I am a wannabe >.< I was learning the acoustic guitar for several months but then stopped due to school and busy life. But I dream of the day I could return to learning, except the violin this time, my new love *o*


----------



## Lanlan (Aug 23, 2012)

@beta4attack why not start learning violin? or start back up with guitar?


----------



## Cyan (Aug 23, 2012)

Lanlan said:


> @cyan try playing some ocarina songs on your violin. I mean playable songs on oot. saria's song is pretty easy and really fun.


they are even "too easy", compared to what I played after 5 years. I played Mozart scores in a symphonic Philharmonic orchestra.
Though, I lost a lot since I stopped 4 years ago.

If I'll try again, I'll go with this one.
but I would like to play this one (though, I don't have the level).


----------



## Lanlan (Aug 23, 2012)

Cyan said:


> Lanlan said:
> 
> 
> > @cyan try playing some ocarina songs on your violin. I mean playable songs on oot. saria's song is pretty easy and really fun.
> ...


Oh sorry for underestimating your ability  
it's too bad you quit, are you mostly into classical style music? like orchestral stuff?


----------



## beta4attack (Aug 23, 2012)

Lanlan said:


> @beta4attack why not start learning violin? or start back up with guitar?

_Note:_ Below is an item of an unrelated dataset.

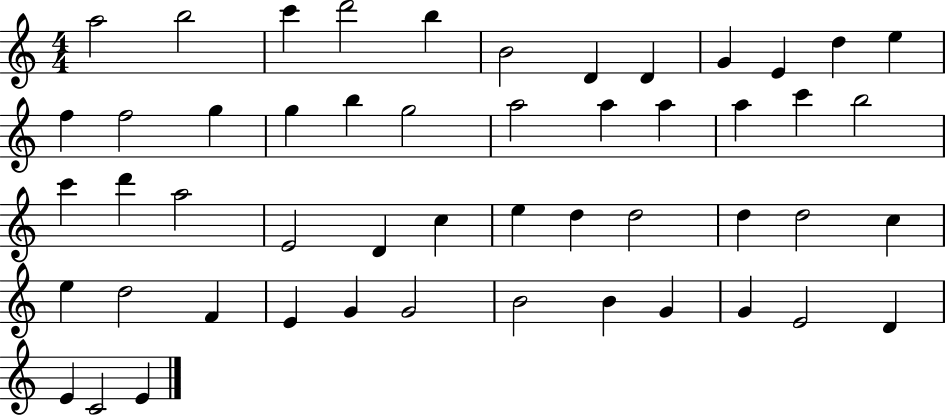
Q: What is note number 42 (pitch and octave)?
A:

Because school is starting soon and I can't find good violin teachers atm. And my guitar teacher was not good >.


----------



## Cyan (Aug 23, 2012)

nope, on the contrary, I don't like "classical" music, like the one music school teaches you (Mozart, Beethoven, Chopin, etc.) I hate them!
But schools only swear by "the classic".
When I mentionned video game music it was "ahh, why play bad bip-bop-bip music?". they don't even know video game music are played by big orchestra and profesionnal musician.
NES 8bit era has ended long ago.

I like Orchestra music, but not the old one, only game and anime OST.
I tried to bring some music I liked to the school, but it is VERY hard to find violin scores.
On internet, everyone are making piano's scores, or "home made main theme recreation", but not the violin part of the song, just the main melody you hear.
So I ended not bringing anything and played mozart 

well, after 6months or rehearsing the same music I started to appreciate it. but it's not like the music I really like.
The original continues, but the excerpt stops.